*** Given entries Section Begins ***

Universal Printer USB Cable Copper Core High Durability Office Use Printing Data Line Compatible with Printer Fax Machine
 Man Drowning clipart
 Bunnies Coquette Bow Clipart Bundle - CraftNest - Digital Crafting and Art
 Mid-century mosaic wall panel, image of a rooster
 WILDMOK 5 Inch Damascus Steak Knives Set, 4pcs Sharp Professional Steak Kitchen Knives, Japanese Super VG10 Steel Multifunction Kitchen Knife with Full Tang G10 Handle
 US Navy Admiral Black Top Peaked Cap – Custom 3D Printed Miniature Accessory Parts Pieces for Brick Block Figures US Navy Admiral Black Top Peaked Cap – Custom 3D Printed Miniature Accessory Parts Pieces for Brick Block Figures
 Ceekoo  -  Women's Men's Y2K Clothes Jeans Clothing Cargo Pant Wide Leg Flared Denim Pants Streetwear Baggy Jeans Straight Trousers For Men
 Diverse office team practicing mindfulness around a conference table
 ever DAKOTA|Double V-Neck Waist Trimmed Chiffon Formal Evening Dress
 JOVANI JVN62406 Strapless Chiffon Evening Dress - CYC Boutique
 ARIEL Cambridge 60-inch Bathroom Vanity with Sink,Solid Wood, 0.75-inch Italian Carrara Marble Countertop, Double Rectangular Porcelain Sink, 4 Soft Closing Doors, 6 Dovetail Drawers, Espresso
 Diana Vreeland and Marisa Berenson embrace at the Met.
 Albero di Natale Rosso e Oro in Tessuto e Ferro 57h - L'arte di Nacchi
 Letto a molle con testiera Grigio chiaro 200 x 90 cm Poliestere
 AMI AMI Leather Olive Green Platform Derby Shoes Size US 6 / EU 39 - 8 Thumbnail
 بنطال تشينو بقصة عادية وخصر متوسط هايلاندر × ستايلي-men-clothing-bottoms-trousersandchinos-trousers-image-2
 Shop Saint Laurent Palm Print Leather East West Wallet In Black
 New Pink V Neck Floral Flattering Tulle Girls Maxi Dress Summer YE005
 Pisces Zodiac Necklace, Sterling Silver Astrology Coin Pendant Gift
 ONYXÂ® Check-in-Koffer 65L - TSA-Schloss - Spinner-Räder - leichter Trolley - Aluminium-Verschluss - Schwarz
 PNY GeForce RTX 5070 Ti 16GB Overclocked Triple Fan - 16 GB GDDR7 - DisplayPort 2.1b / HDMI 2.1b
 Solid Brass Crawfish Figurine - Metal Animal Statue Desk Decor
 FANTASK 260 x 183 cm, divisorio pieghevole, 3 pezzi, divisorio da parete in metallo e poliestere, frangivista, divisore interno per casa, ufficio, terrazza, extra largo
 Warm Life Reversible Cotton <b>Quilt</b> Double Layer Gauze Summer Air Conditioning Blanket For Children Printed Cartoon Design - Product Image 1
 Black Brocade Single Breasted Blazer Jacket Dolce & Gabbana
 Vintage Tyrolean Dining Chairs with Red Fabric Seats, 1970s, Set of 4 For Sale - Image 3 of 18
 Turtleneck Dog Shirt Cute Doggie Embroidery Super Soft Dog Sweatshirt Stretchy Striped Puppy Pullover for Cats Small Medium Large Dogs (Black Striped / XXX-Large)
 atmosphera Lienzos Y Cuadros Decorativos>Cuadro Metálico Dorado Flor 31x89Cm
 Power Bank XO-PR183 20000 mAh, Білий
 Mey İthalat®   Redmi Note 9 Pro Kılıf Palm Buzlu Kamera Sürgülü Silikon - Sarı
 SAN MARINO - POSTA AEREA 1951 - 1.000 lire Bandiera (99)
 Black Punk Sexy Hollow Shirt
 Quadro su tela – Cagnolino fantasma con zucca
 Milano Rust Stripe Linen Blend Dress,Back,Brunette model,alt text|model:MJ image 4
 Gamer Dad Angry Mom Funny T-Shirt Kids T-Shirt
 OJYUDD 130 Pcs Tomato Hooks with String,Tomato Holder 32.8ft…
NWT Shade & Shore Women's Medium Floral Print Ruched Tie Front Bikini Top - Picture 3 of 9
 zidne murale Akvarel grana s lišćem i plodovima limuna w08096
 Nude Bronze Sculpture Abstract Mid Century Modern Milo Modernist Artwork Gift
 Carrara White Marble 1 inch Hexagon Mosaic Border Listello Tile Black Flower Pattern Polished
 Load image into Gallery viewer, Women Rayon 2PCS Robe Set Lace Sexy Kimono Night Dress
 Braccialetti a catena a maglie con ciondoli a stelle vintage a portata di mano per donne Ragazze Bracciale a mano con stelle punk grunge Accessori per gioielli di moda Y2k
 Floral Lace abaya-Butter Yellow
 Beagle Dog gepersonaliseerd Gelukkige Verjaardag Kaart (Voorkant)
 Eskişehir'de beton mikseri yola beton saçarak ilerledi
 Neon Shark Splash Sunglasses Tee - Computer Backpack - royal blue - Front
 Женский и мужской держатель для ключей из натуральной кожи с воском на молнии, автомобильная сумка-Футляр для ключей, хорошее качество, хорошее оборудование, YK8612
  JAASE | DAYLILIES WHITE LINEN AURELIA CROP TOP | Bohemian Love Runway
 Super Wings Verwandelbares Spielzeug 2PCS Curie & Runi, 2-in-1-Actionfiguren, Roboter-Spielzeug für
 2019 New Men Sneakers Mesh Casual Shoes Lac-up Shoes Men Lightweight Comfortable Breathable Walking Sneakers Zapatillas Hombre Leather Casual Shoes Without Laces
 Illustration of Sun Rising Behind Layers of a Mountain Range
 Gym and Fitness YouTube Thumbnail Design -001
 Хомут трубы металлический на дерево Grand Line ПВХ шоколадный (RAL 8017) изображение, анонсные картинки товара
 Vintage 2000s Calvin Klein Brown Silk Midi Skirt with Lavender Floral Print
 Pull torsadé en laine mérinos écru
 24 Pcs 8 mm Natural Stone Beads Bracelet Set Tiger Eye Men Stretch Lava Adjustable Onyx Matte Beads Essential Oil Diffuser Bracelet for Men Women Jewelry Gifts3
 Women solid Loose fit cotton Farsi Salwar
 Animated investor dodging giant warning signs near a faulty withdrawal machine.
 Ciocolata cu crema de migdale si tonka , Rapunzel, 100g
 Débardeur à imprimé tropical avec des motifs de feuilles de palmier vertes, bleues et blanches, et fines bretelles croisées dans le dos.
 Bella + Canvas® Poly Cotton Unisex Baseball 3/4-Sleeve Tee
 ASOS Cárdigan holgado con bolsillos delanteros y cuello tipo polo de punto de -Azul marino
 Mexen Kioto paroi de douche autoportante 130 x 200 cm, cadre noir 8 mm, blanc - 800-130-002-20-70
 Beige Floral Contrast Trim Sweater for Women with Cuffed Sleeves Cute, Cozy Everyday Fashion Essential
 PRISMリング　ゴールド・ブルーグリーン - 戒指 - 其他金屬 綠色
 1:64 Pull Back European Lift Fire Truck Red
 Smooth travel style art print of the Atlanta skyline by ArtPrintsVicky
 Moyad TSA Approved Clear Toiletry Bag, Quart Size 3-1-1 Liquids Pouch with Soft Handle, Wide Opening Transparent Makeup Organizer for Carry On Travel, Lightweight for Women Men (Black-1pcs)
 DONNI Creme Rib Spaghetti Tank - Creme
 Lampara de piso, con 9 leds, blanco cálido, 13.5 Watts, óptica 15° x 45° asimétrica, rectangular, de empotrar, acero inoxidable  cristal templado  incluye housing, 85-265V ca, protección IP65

*** Given entries Section Ends ***

Problem description. Scan the lines above for "atmosphera Lienzos Y" and for "Carrara White Marble". Repeat exactly the line holding each of them and every line in between.

Response.
 atmosphera Lienzos Y Cuadros Decorativos>Cuadro Metálico Dorado Flor 31x89Cm
 Power Bank XO-PR183 20000 mAh, Білий
 Mey İthalat®   Redmi Note 9 Pro Kılıf Palm Buzlu Kamera Sürgülü Silikon - Sarı
 SAN MARINO - POSTA AEREA 1951 - 1.000 lire Bandiera (99)
 Black Punk Sexy Hollow Shirt
 Quadro su tela – Cagnolino fantasma con zucca
 Milano Rust Stripe Linen Blend Dress,Back,Brunette model,alt text|model:MJ image 4
 Gamer Dad Angry Mom Funny T-Shirt Kids T-Shirt
 OJYUDD 130 Pcs Tomato Hooks with String,Tomato Holder 32.8ft…
NWT Shade & Shore Women's Medium Floral Print Ruched Tie Front Bikini Top - Picture 3 of 9
 zidne murale Akvarel grana s lišćem i plodovima limuna w08096
 Nude Bronze Sculpture Abstract Mid Century Modern Milo Modernist Artwork Gift
 Carrara White Marble 1 inch Hexagon Mosaic Border Listello Tile Black Flower Pattern Polished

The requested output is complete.